Refleti no peso que ela colocou naquelas poucas palavras: "sua educação". Divaguei. Ela não está elogiando somente a mim, mas aos meus pais, além de mim existem muitos outros fatores que implicam – pelo menos implicavam – quando se afirmava: Você é educado (a). Existe a criação, a família, a escolha dos amigos, a ausência de vícios, uma crença. Um modo de vida. O modo de vida conquista, pensei. Não é isto que sempre busquei? Nunca quis grandes reconhecimentos, mas esse reconhecimento era diferente. Não visava as coisas materiais, mas atingiu diretamente meu senso comum. Toda minha busca pareceu-me terminar ali. Com as palavras curtas, quase sussurradas, como era sua voz, sem corar, mas direta: “O que mais admiro em você é sua educação!" Momento intenso de felicidade!
Nas coisas do amor como diz, Rubem Alves, “fazemos amor com as palavras”. Quando se faz amor com as palavras, fazemos poesia, Sônia merecia além de meu amor uma poesia. Eu iria fazê-la e lhe entregar de surpresa. Passei a amar Sônia. Nem ela própria nunca soubera qual fora o gatilho que detonou de verdade meu amor por ela.
As palavras nos fazem felizes ou infelizes. As palavras dela me fizeram imensamente feliz. Não foram os beijos, nem os: “eu te amo”. Mas aquelas, que em outro contexto, cessariam num “obrigado”. Em coisas de amor não se deve agradecer. Estraga tudo! Disse: - Imagine. Apenas trato bem as pessoas, e você é observadora! Ela: - Não, você é especial. Admiro sua educação.

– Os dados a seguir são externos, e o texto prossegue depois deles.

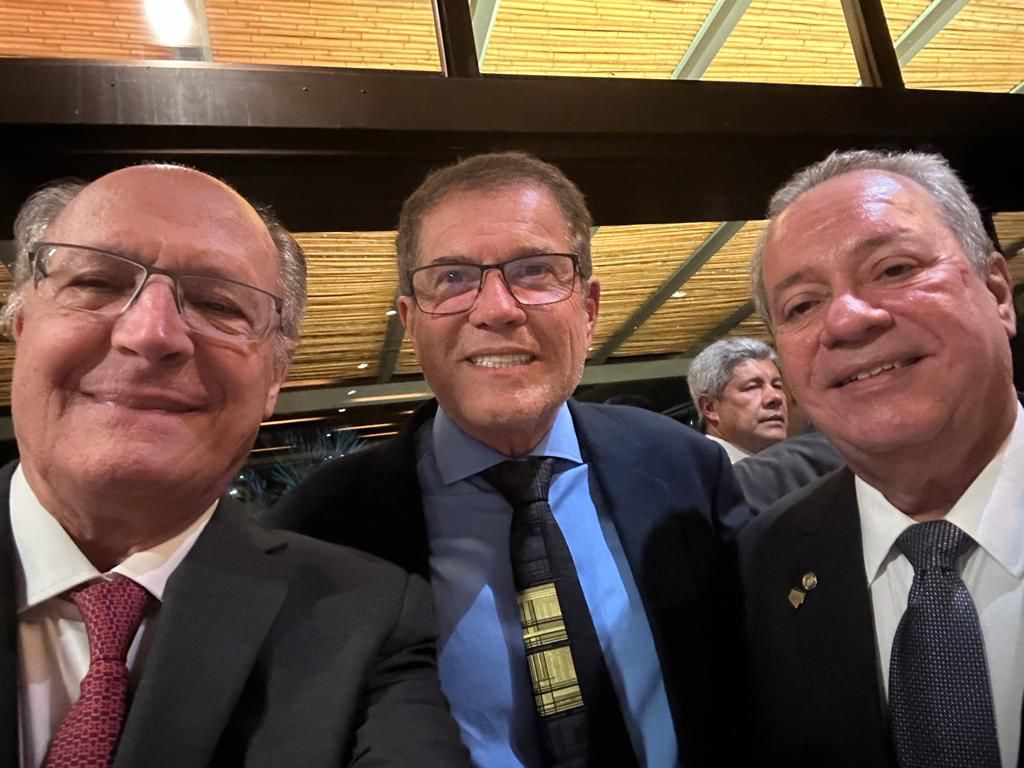 Vice-presidente da República, Geraldo Alckmin, deputado José Rocha e o presidente do CNI, Renato Alban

Pensei divagante, na Idade Média. Deveria ser isso que conquistava as damas, os Cavaleiros (mais tarde cavalheiros) com sua cortesia (faziam a corte). Nos séculos seguintes, o “cavalheirismo”, correr e jogar a capa para as damas passar por cima e não sujar os pés na lama. Abrir a porta das carruagens e oferecer o braço como apoio, para as damas subirem. Os genes das verdadeiras damas ainda deviam estar vivos nos corpos de muitas mulheres atuais. Porque não? Teria Sônia herdado genes que provinham desde a Idade Média. Teria eu, com esta minha tendência constante em desenhar castelos, a bico de pena (nanquim) retratar Guinevere, Lancelot, Artur, e Camelot, muitos castelos da Bretanha, França, Escócia, Gales, Portugal, Espanha, muitas donzelas e princesas, as justas entre cavaleiros e suas armaduras, executados com detalhes realistas (fiz várias exposições com desenhos de castelos medievais): “The Medieval Castle”. Claro que eram apenas divagações. Mas aumentava o romantismo, quando pensando nisso a via tão linda, usando uma tiara. Imaginava: Sônia é uma donzela saída da história e caída em meus braços.

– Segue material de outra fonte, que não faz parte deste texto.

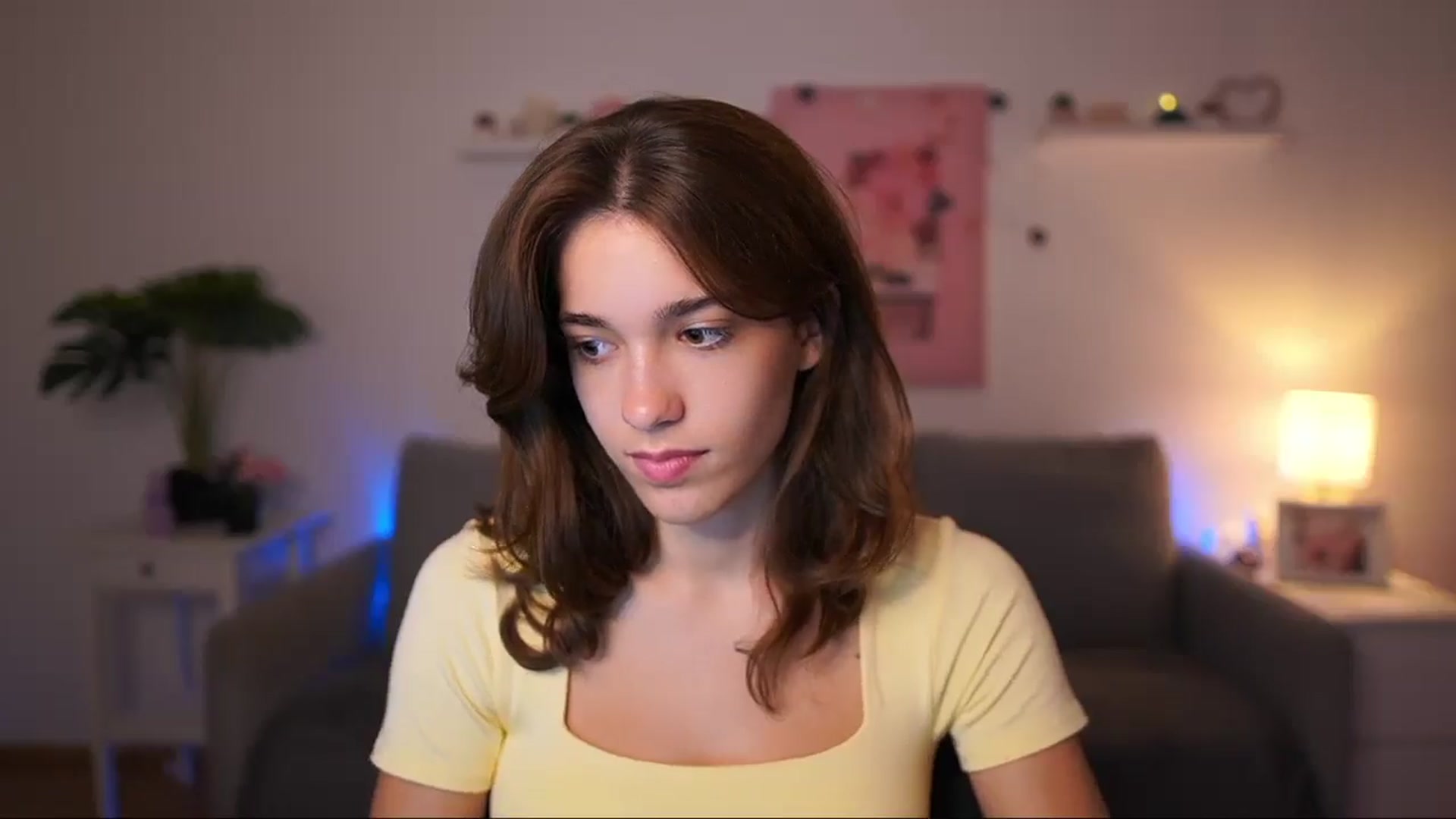 Gallery image thumbnail from Kissiecat's myfreecams stream on, 09/04/2025, 13:33 image 5 of 20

Só a via a noite ou nas sombras dos galpões do colégio, interior da igreja, nos corredores sombreados, até porque, encontrava-me com ela de acordo com a ocasião e os momentos apresentados. Como disse antes, não havia ainda em mim um ímpeto em buscá-la, a qualquer momento.

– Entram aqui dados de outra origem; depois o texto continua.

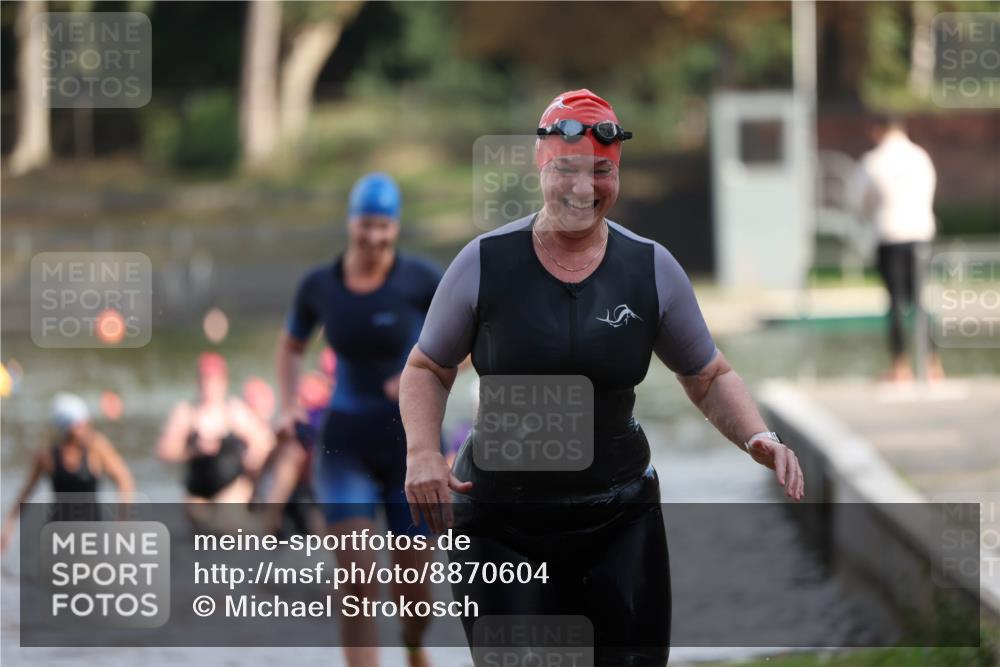 14.09.2025 - Stadtparktriathlon Michael Strokosch http://msf.ph/oto/8870604 14.09.2025 11:14:55 Schwimmen 936, 952, 963, 974, 980, 998, 1014 meine-sportfotos.de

Após as curtas palavras ditas por ela naquela noite, de cálida brisa, um vívido luar e um céu muito estrelado. Havia até certo perfume especial nela que eu sentira, mas não retivera e agora o sentia. Porque tudo compunha um cenário mágico. Vinha-me à mente: “Sabe o que mais admiro em você? - Sua educação!”
Aquilo houvera me soado com uma pureza cristalina, uma magia benfazeja e eu a beijei terna e demoradamente. Surgiu em mim um misto de carinho e fervoroso amor, um espírito de gratidão não a ela, mas às forças que me fizeram encontrá-la. Iria procurá-la mais e mais vezes agora. Eu sabia que o que sentia por ela não era outra coisa senão um profundo e cálido amor.
Certo dia, em um quente e ensolarado verão, já havia me formado, ela ainda não. Estava no último ano do então “Científico”, ela dizia que iria ser enfermeira, iria fazer a faculdade de enfermagem depois doutorar-se, embora já lecionasse música como professora particular em sua casa na Avenida Barão do Rio Branco, tocava piano (hoje chamamos de
 “teclados”), também violino, flauta e violão. Tinha estudado desde os quatro anos de idade, os doze anos exigidos para o piano e violino em Campinas, onde morava com uma tia já idosa (que se esquecia que estava no Brasil e quando falava em polonês corava como Sonia).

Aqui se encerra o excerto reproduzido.